AI can change every business. The Internet upgraded to brick-and-mortar stores and made them available worldwide. AI will be able to become your digital assistant, automate boring tasks, and make your life even easier.
But there’s a downside. Whenever something becomes effortless, we give something away for it that’s hard to get back. In the case of the internet, we have easy access to entertainment, information, and connection to the rest of the world but relinquish digital privacy. Since AI has entered the market, and there’s no going back, we should be ready to abandon the belief that anything we see online is true or real.
Cybercriminals use tools like ChatGPT to create socially engineered attacks, malware, and encryption tools. But generative AI is improving, and so are their scams. We’ll look at a few examples of AI use in cybercrime to watch out for.
Fake social media accounts
Creating and maintaining a new fake social media account is a breeze, thanks to AI. Scammers can use those fake accounts for romance scams, brand impersonation, spreading fake news, and even malicious activities. For example, in December 2023, an experienced cybercriminal created a platform that uses AI to create social media content. The platform included Telegram, Twitter (now X), Facebook, and Instagram posts and replies. So, they offer the service of managing fake social media accounts for a subscription fee. There’s also a standalone platform so buyers can handle and enhance the content with AI.
A couple of case studies from this scam were AI nude images of female models, celebrities, and influencers. The content looked incredibly realistic. Next come copies of successful crypto traders, where the cybercriminal mimicked their images, backgrounds, and content. The worst part is that the platform can simultaneously create content for 200 accounts. We’re talking images, texts, reels, and chats. And scammers are only getting started.
Deepfakes
On New Year’s Eve, a special gift from the cybercriminal underground was AI-powered deepfake services. So bad actors can do lip syncs, deepfakes (lip sync and face replacement), and voice acting. Users pay for the time of the video (30 seconds usually) and get the desired content.

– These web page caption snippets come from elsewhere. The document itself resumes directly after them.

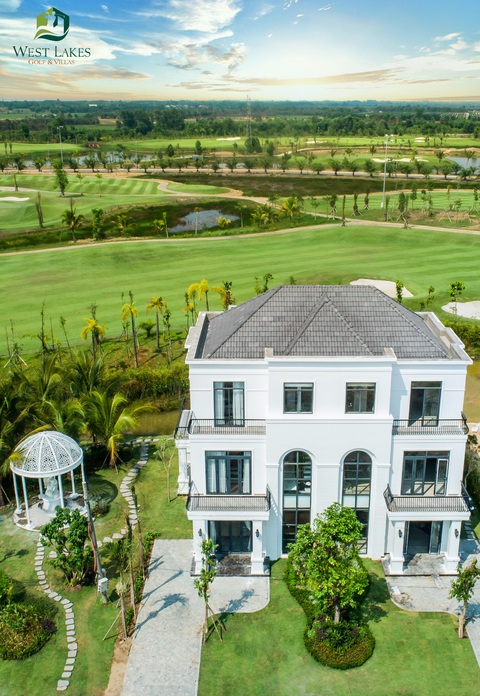 Cơ hội nhận 1 lượng vàng SJC nhân dịp khai trương biệt thự mẫu West Lakes - Ảnh 1. Cơ hội nhận 1 lượng vàng SJC nhân dịp khai trương biệt thự mẫu West Lakes - Ảnh 1.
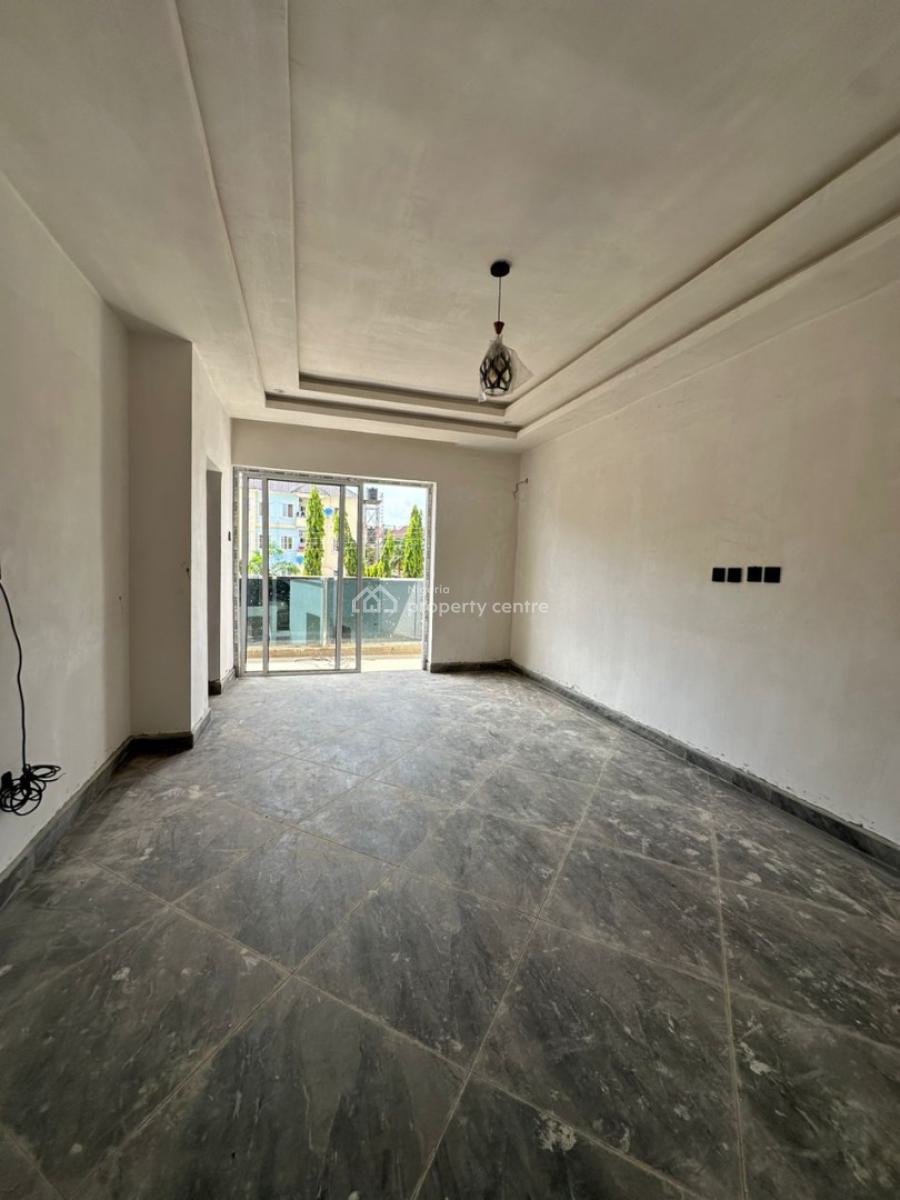 Brand New 4 Bedrooms Terrace Duplex, Family Lounge and Bq, (tarred Roads), Jahi, Abuja, Terraced Duplex for Sale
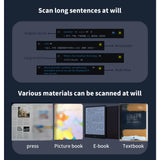 Digital Reader Pen Smart Voice Translator Pen White International Edition Wifi Translation Scanning Pen Translation Scanning Pen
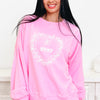 XOXO Heart Rope Sweater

The impact of deepfakes can cause irreparable damage.
Bad actors can use presidents, influencers, celebrities, and even your family members to create fake social media profiles and push products, services, or agendas. They can also use these deepfakes for fake charities, crypto scams, and even exploiting unsuspecting victims out of their money. Impersonating corporate executives can cause brand damage or extract millions of dollars, such as when a finance worker paid $25 million after a video call with their CFO, which proved to be a deepfake.
Spam tools and services
Most people are aware of spam because it has been around for such a long time. You get a junk email that offers money for free or an inheritance from an African prince, and you just ignore it. All the services we use on a daily basis have filters that prevent spam from reaching you. But sometimes, spam still goes through. Scammers aren’t sleeping under a rock. They’re enhancing their strategies, and AI gave them superpowers.

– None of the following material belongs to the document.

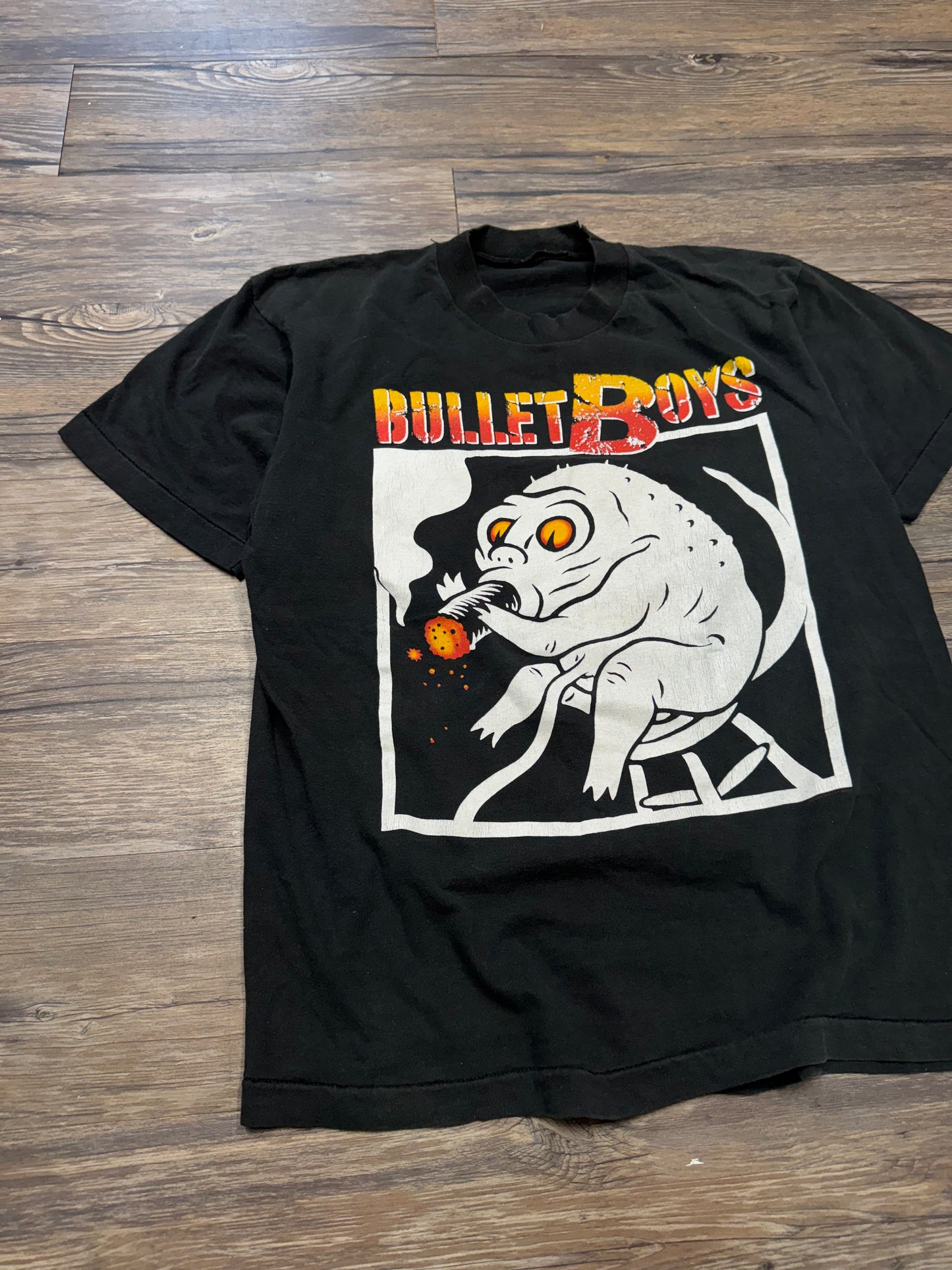 VINTAGE 1989 BULLET BOYS TOUR T-SHIRT (M)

One cybercriminal who had been doing it for 15 years used ChatGPT to power his spam services. Thanks to the AI, he was able to randomize the text in his scam message and get a higher success rate. More emails reached inboxes, and he claimed that thanks to ChatGPT, nothing was impossible. Many others using the tool received 70% success rates and bypassed Gmail, Outlook, Yahoo, and every webmail service.

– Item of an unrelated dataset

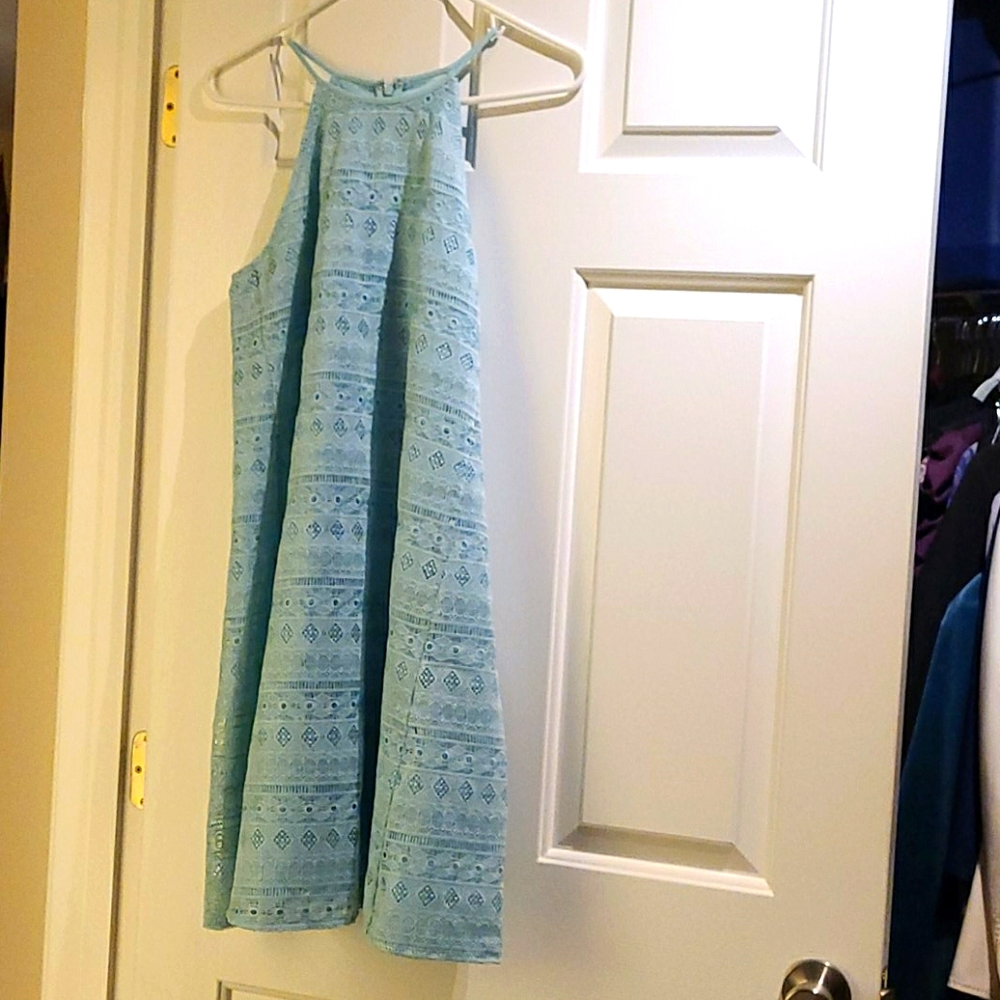 Knee length dress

Cybercriminals looking for new tools demand that ChatGPT be integrated into their emails due to the randomization function. When every email has unique text, it can bypass the anti-spam filters. We’re living in dangerous times.
How can you protect yourself?
When everything can be falsified, the new rule of the internet must become – don’t trust anything. Don’t trust your eyes, and don’t trust your ears. That’s very hard to do because humans aren’t hardwired to negate all the information coming to them. You should approach the internet with a guard and never let it down.
To protect yourself, you need to start with the basics. You need to have cybersecurity and network security tools. Use a combination of firewall, antivirus, VPN, password manager, and two-factor authentication (2FA) apps. Together, these tools will keep you safe from the technical side. That’s the easy part. The hard part is what you click on, what you download, and what information you share.
Cybercriminals no longer focus on brute force attacks where they actively try to breach into your account. No. Like fishermen, they’re setting up hooks in the water, and they wait for you to bite. And you will. It’s just a matter of time.
Hackers have made careful socially engineered attacks that last for months to succeed in their attempts. One of the best examples is the Axie Infinity hack, in which they targeted one of the technical founders, created a fake company, fake team, and fake job offer to plant malware in a PDF file. Then, over several months, they waited for the malware to get a substantial network share to steal more than $600 million worth of crypto tokens.
No one can prepare against something like that unless they see it happen once. That’s why you need to stay on top of cybersecurity trends and be vigilant when it comes to your digital safety. Use cybersecurity tools constantly, and never skimp on the best cybersecurity practices. They exist for a reason.